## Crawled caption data
------------------------------

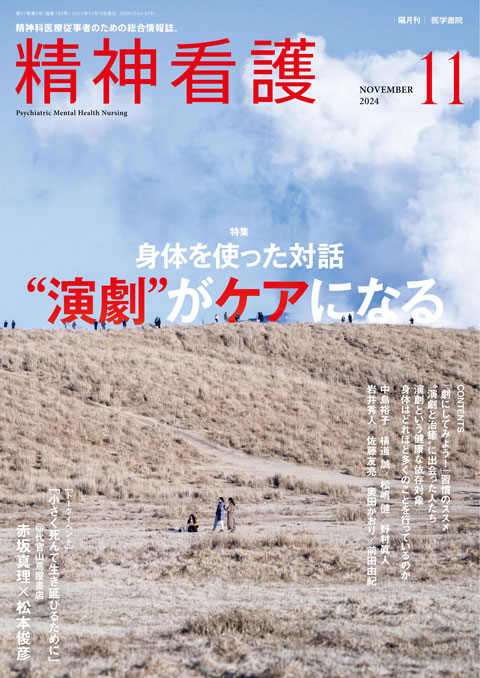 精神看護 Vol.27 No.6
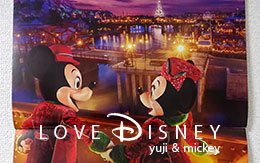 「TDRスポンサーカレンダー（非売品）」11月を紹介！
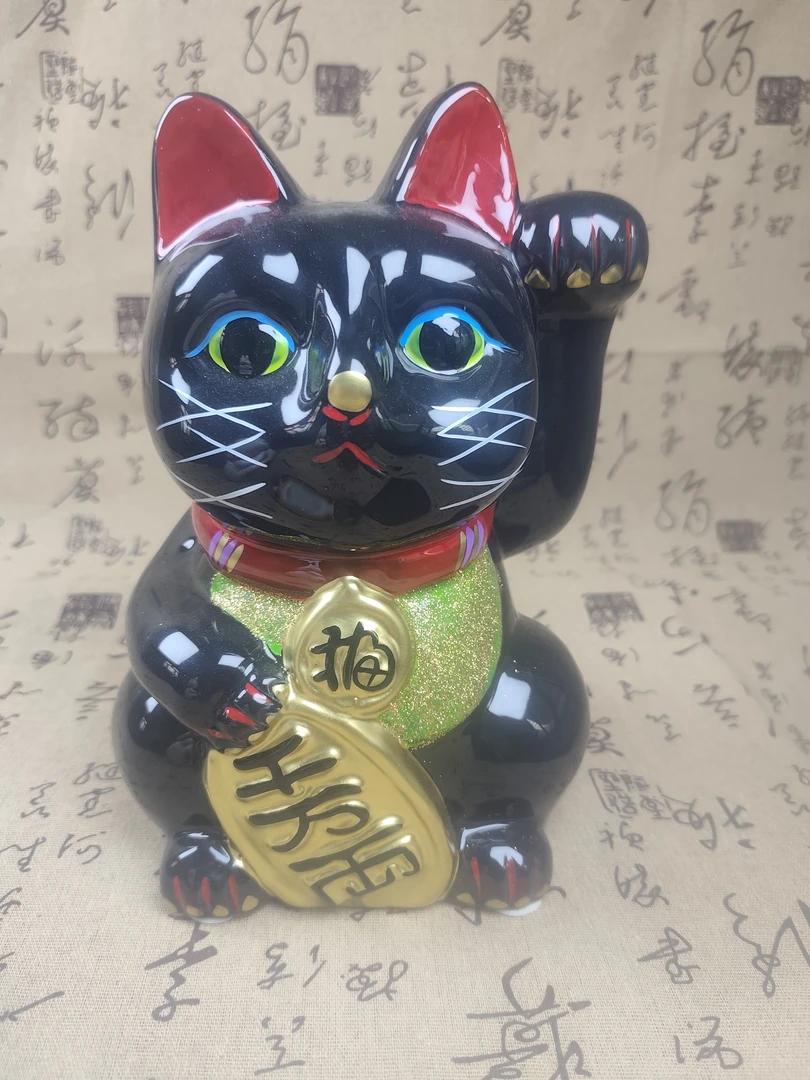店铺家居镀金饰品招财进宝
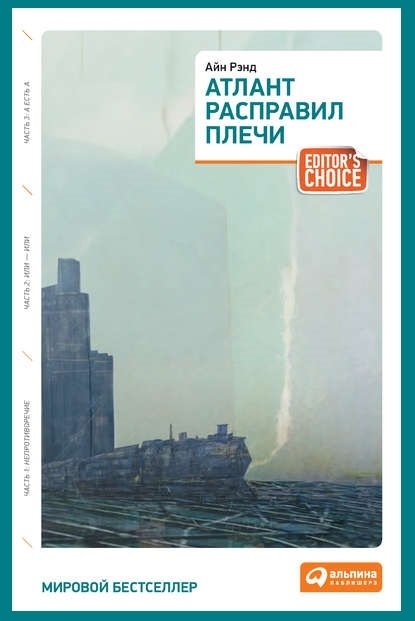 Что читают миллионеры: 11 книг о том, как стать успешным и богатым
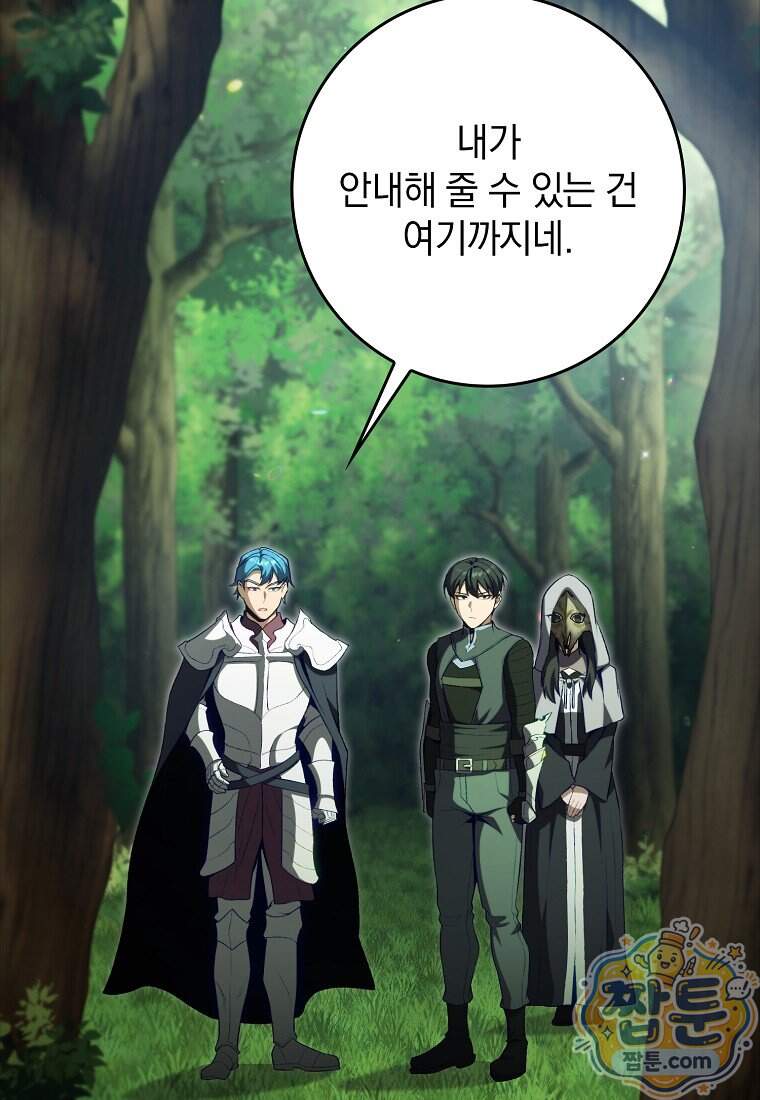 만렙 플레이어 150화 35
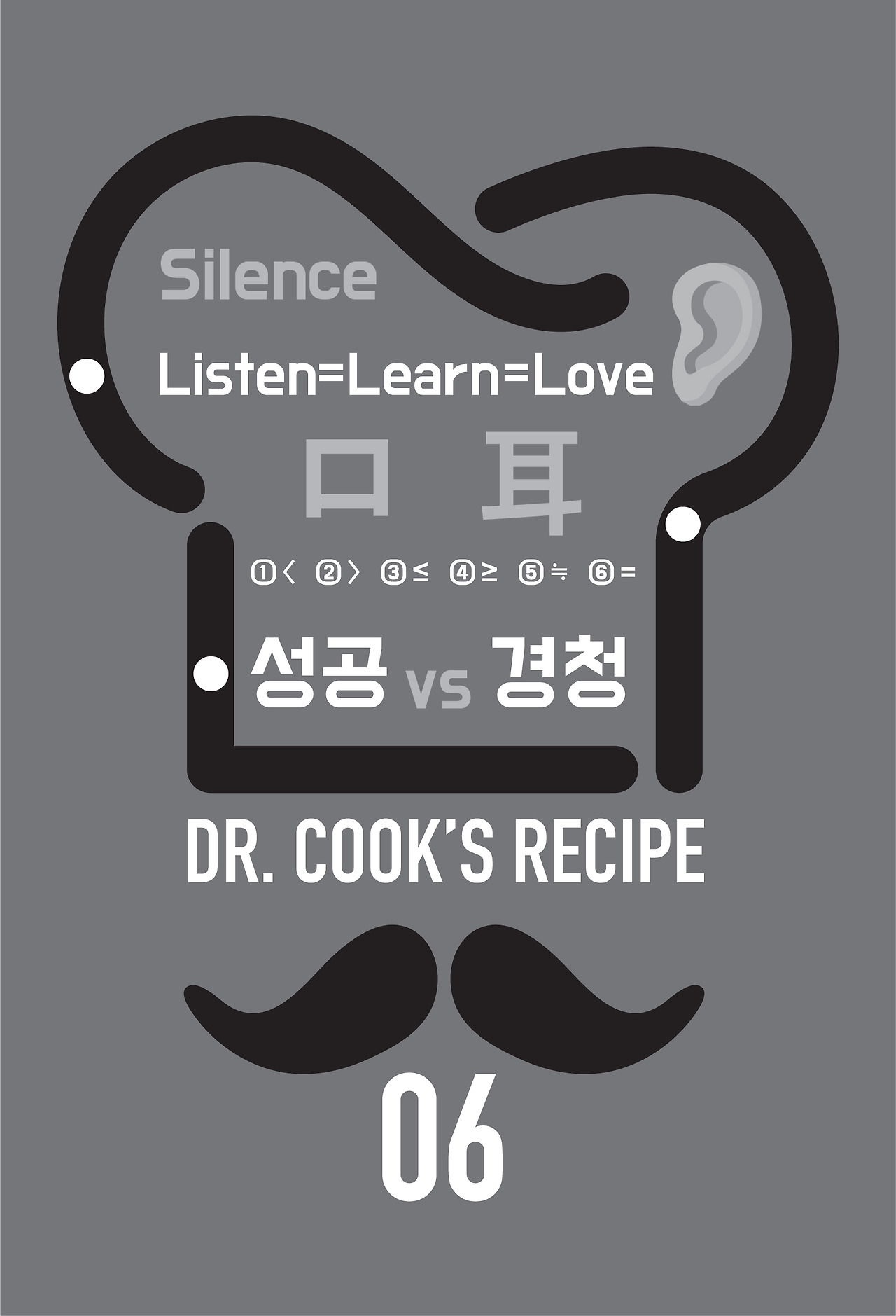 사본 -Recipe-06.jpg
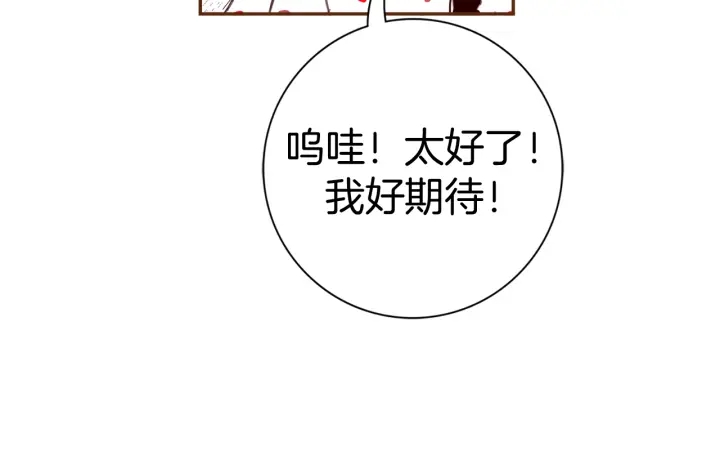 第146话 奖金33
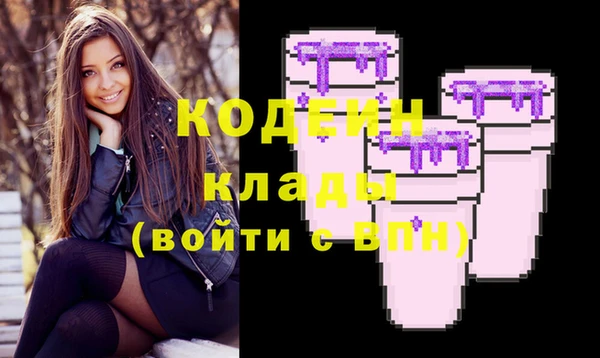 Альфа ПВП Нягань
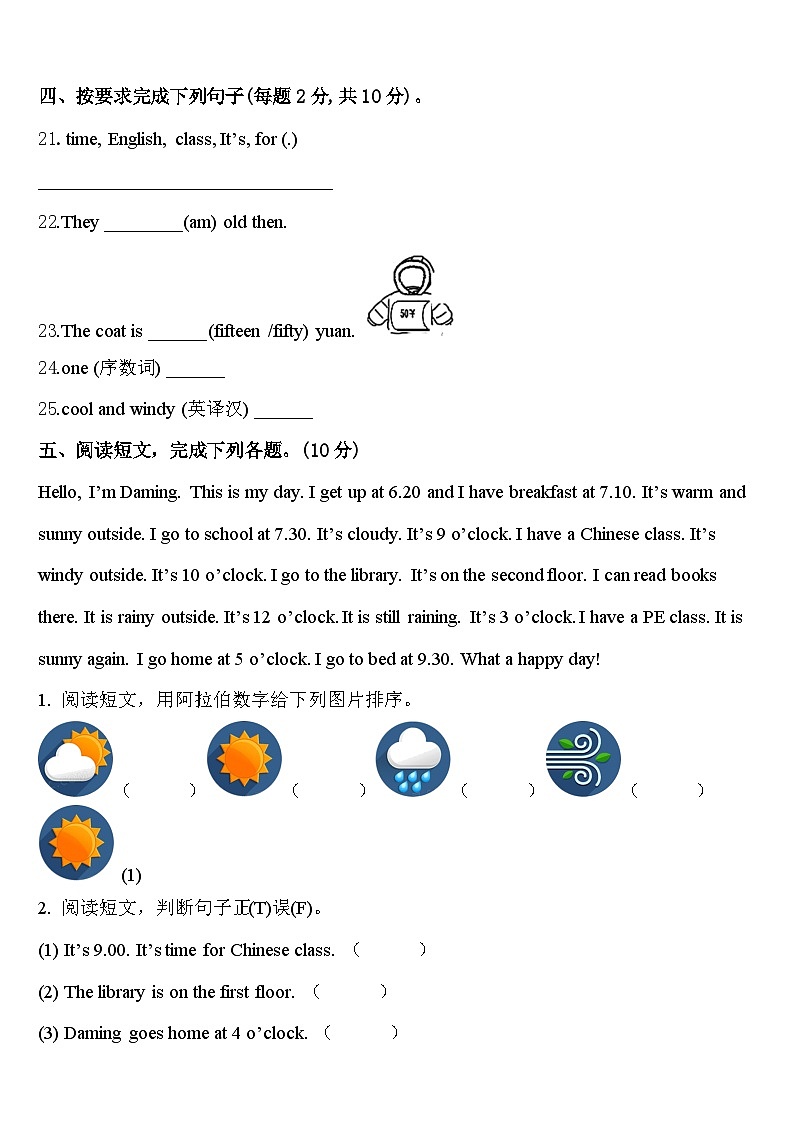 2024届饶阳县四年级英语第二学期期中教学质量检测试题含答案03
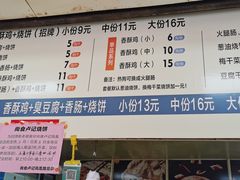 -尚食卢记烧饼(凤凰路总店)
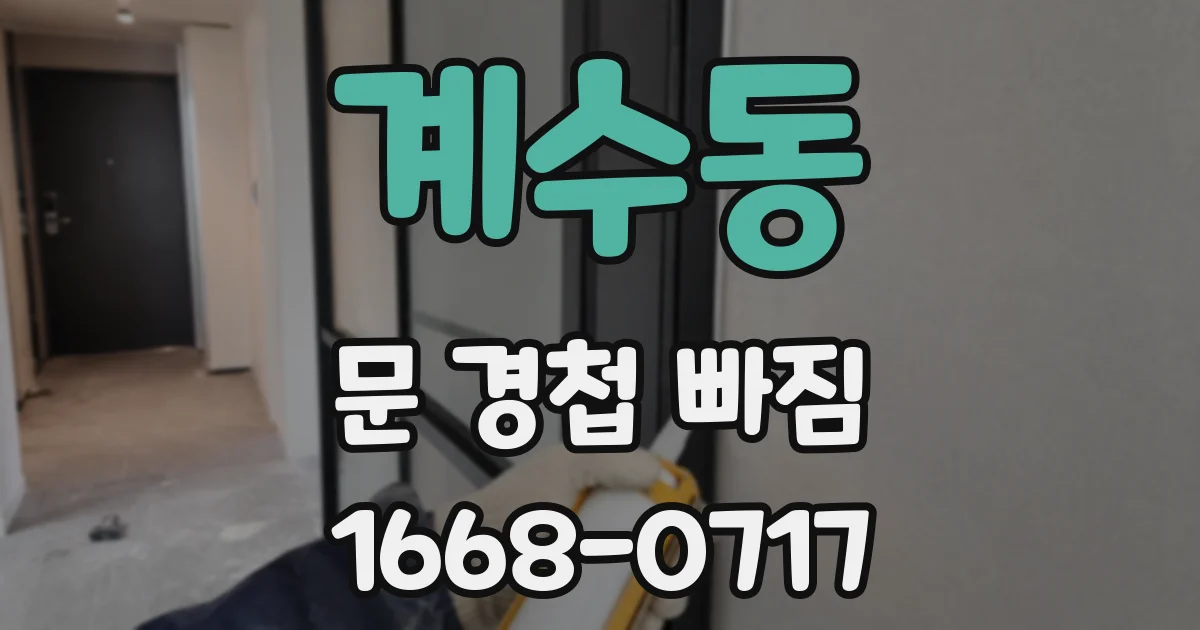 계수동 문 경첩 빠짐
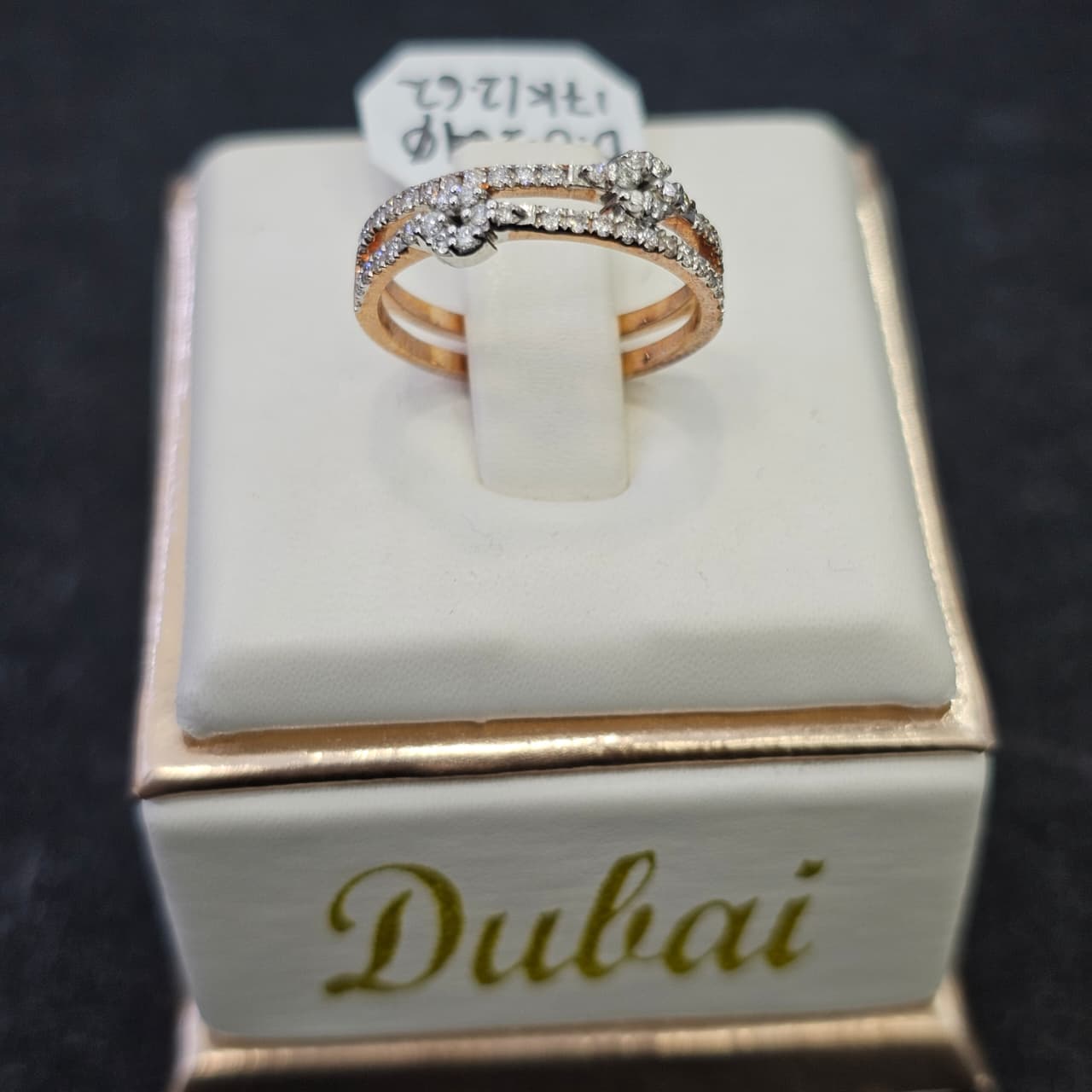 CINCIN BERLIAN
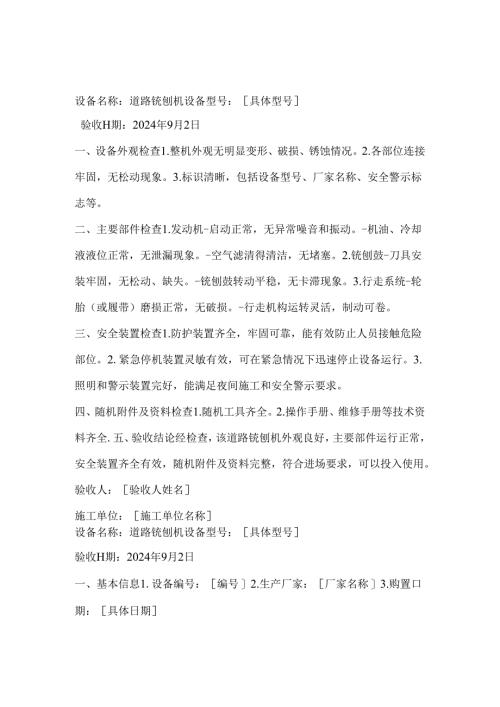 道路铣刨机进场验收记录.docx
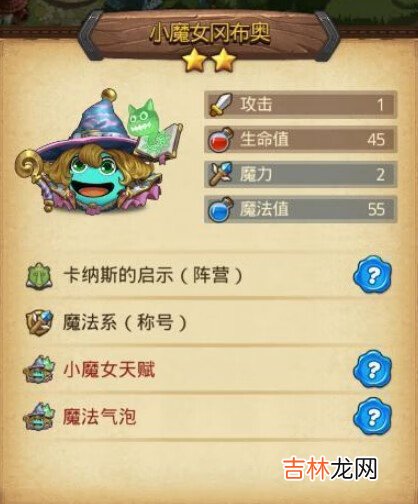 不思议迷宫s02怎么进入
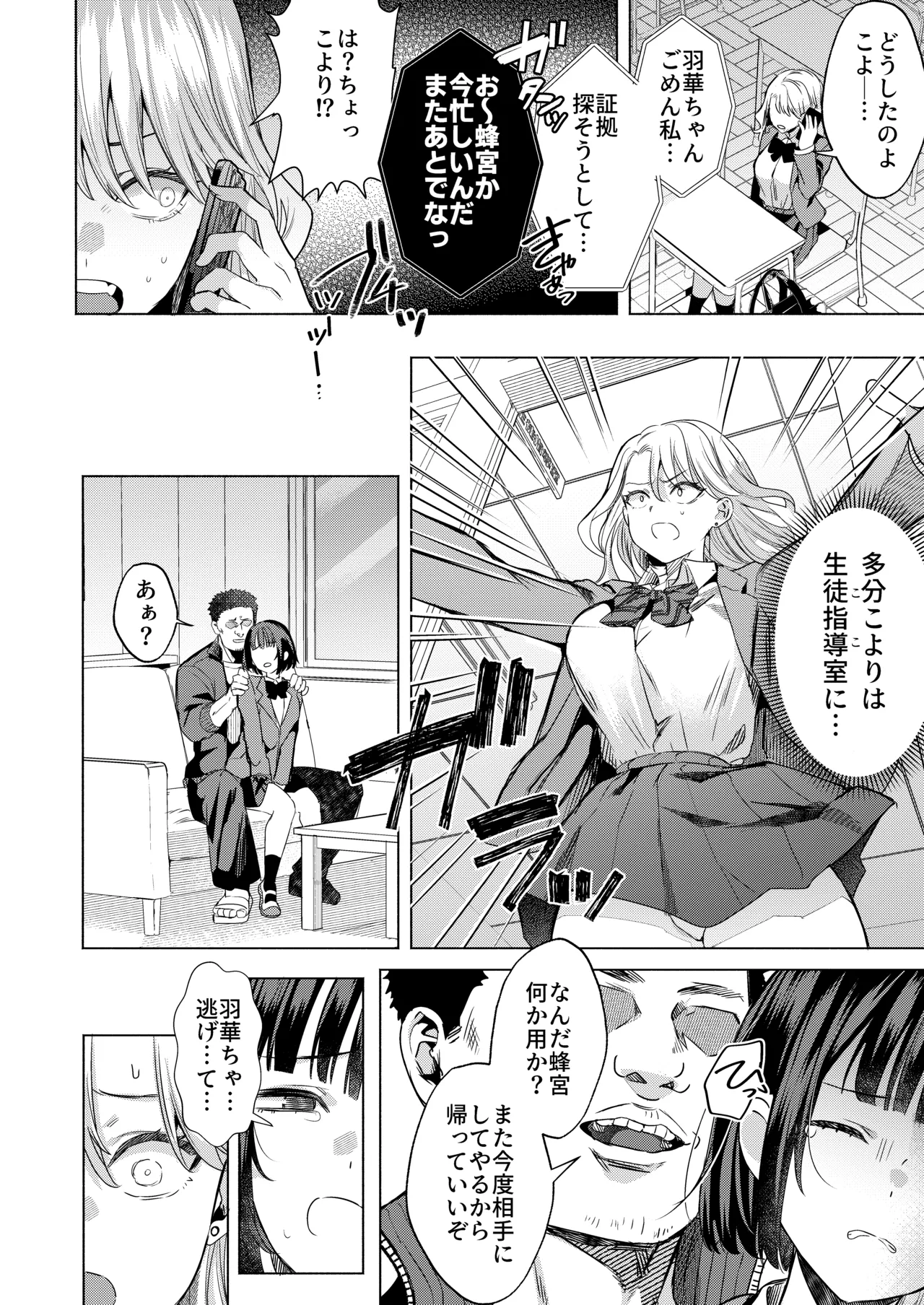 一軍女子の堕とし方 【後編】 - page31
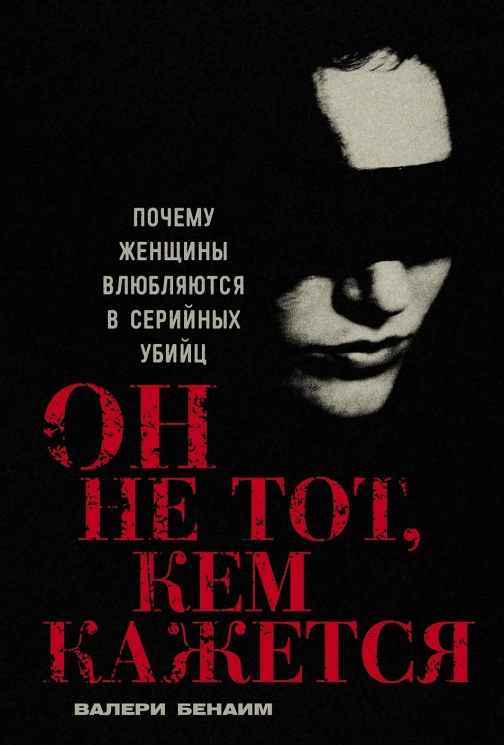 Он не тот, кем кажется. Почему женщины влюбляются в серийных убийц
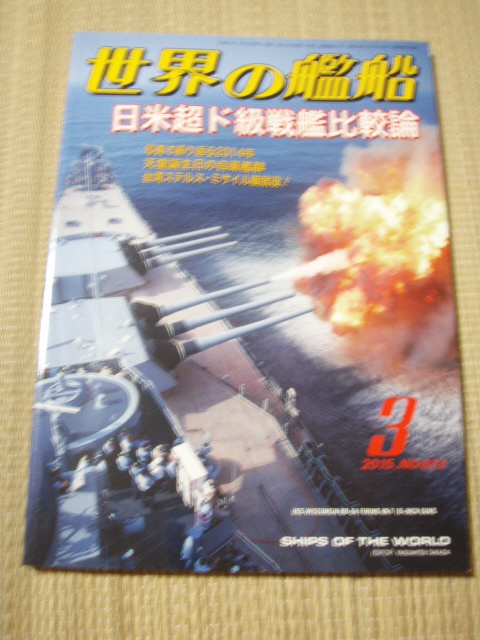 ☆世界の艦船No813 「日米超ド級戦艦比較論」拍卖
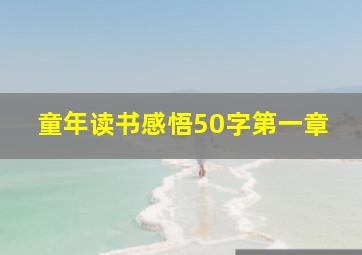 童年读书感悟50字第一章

------------------------------

## Work request
Could you repeat all of the entries exactly, without any of the images?

## Completed exercise
 精神看護 Vol.27 No.6
 「TDRスポンサーカレンダー（非売品）」11月を紹介！
店铺家居镀金饰品招财进宝
 Что читают миллионеры: 11 книг о том, как стать успешным и богатым
 만렙 플레이어 150화 35
 사본 -Recipe-06.jpg
 第146话 奖金33
 Альфа ПВП Нягань
 2024届饶阳县四年级英语第二学期期中教学质量检测试题含答案03
 -尚食卢记烧饼(凤凰路总店)
 계수동 문 경첩 빠짐
 CINCIN BERLIAN
 道路铣刨机进场验收记录.docx
 不思议迷宫s02怎么进入
 一軍女子の堕とし方 【後編】 - page31
 Он не тот, кем кажется. Почему женщины влюбляются в серийных убийц
 ☆世界の艦船No813 「日米超ド級戦艦比較論」拍卖
 童年读书感悟50字第一章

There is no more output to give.